Nothing funny happened on the way to the forum, so there goes my excuse for a trite and cliched lead (well, maybe not).
Little that was funny happened at the forum either, but something disappointing did. As one reader, Robin Taylor, put it, the Meet the Bee forum in Sacramento last Tuesday was “hijacked.”
The forum was conceived as a town hall-style meeting at which readers had the opportunity to question Bee executives, presumably on a wide range of issues from a cross-section of the readership. But some members of the Sacramento City Teachers Association had other plans.
What was supposed to have been an hour and a half of questions and answers turned into more than an hour of remarks from speaker after speaker, or more accurately, teacher after teacher. Few audience members with different issues to raise got an opportunity to approach the microphone.

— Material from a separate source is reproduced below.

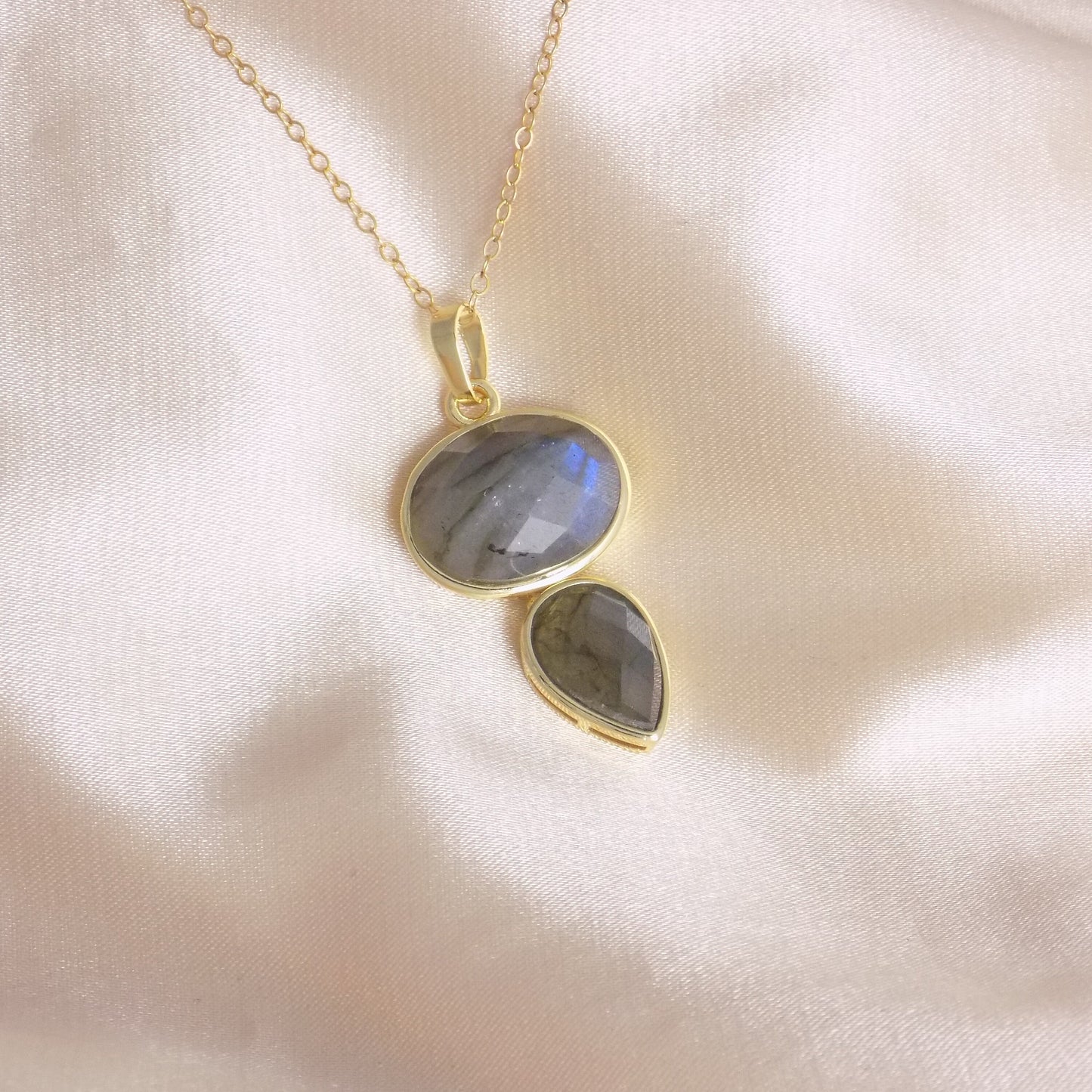 Labradorite Crystal Necklace with Blue Flash with 14K Gold Filled Chain, Christmas Gift For Mom, M7-67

Certainly, the teachers, like any other readers, had every right to come out and speak their minds. The forum was an open invitation, and the teachers took the opportunity to make it clear, in no uncertain terms, that they believe The Bee is unfair in its coverage of their union and remiss in digging into what they charge is misconduct and malfeasance among the board members of the Sacramento City Unified School District.

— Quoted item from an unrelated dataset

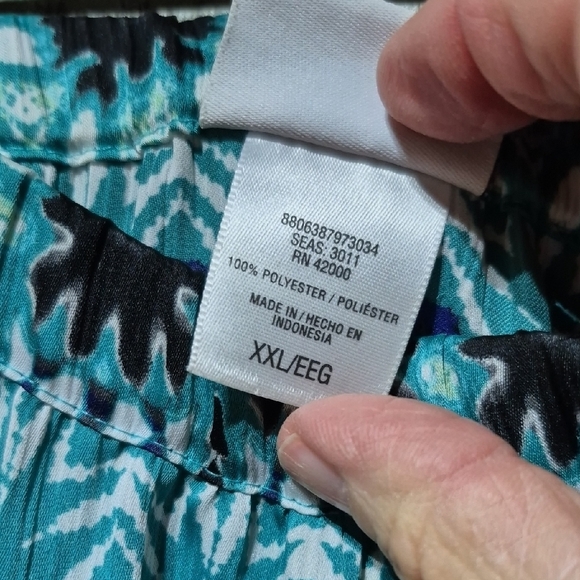 JACLYN SMITH Teal and Black Patterned Maxi Skirt - Picture 3 of 5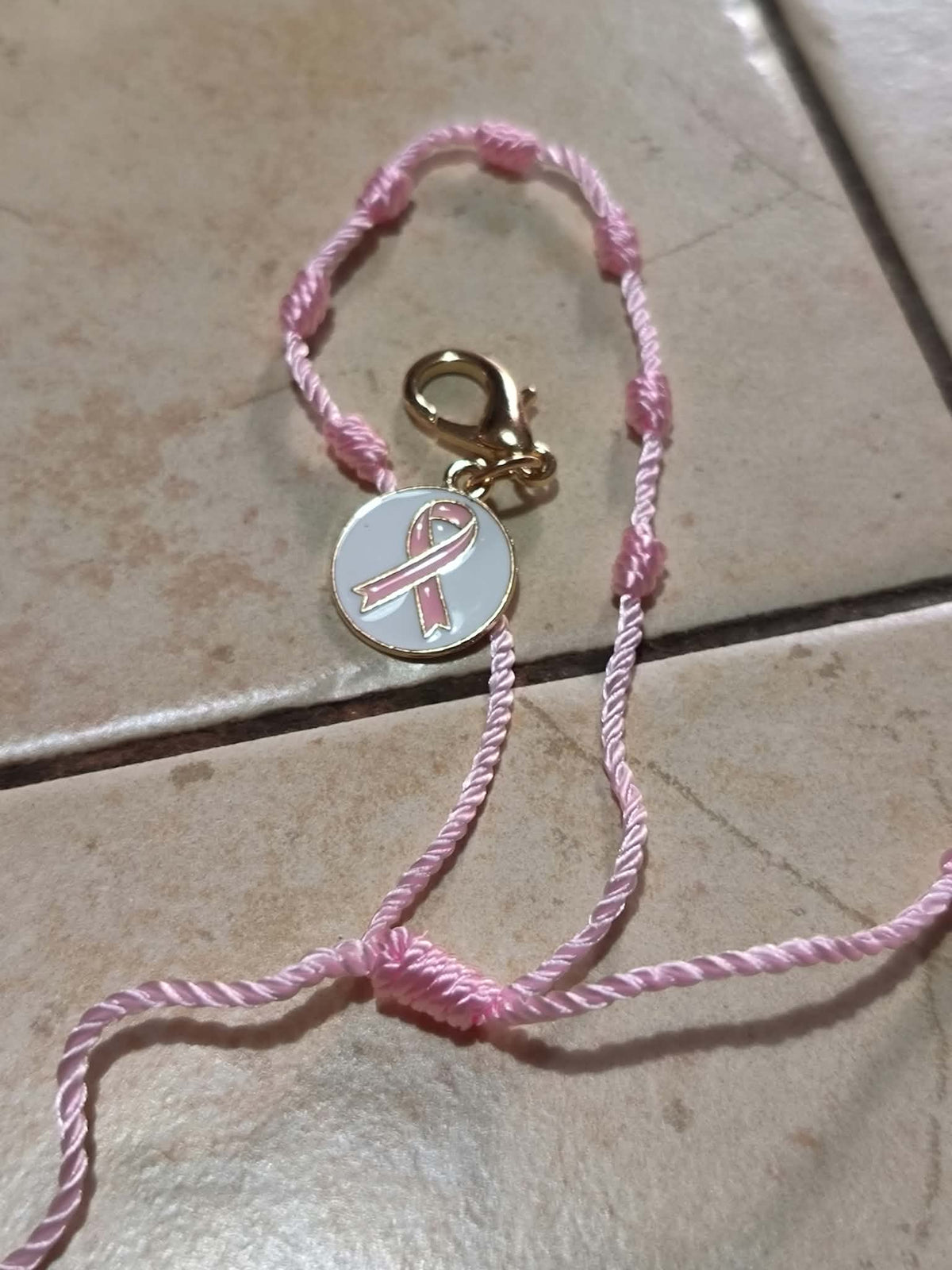 Lot un bracelet et un petit porte-clé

Their somewhat hostile takeover of the forum presented me with a bit of a dilemma. The teachers are readers of The Bee just like anyone else, and that obligates me to look into their concerns. But the fact that they expressed their views by usurping much of the time at the forum that others could have used to raise different issues was troubling – and not just to me.
Taylor, the reader who said the forum had been hijacked, said she believed the teachers’ comments should have been delivered to a public agency like the school board, the City Council or the Board of Supervisors.

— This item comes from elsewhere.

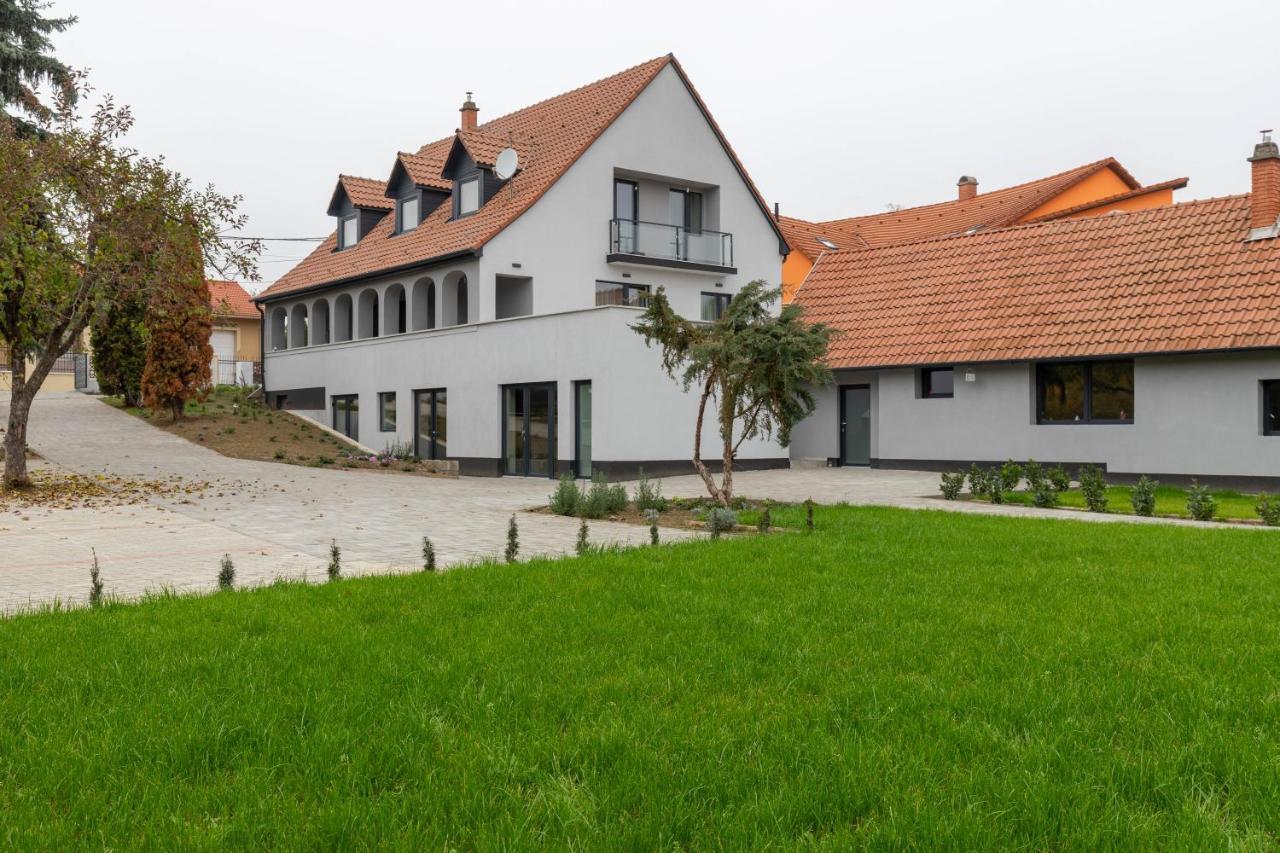 Villa Berc Egerszalók Екстериор снимка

“This was not the appropriate forum for that,” said Taylor, a retired teacher. She added that she was disappointed that she did not get a chance to publicly voice her opinion that The Bee’s editorial pages should establish a voice-mail comment line for readers like herself who find it difficult to type, although she said she was able to speak with Executive Editor Rick Rodriguez about it after the forum.
Speaking of the teachers, she added, “I can understand their anger. If my kids were still in school or I were still teaching I guess I would be just as angered. But I just did not understand how they could fault The Sacramento Bee for its coverage.”
In some ways, I can understand that. No matter what tactics they use to get their point across, the teachers are right when they say The Bee’s education coverage could go deeper. (Let me pause here to remind you, as I stated in my first column, that my wife supervises The Bee’s education writers.)
After the forum ended, one former teacher told me that he believes The Bee’s education coverage often doesn’t go far enough, that it comes up “one step short,” as he put it. After reviewing some recent education articles, I found that he has a valid point.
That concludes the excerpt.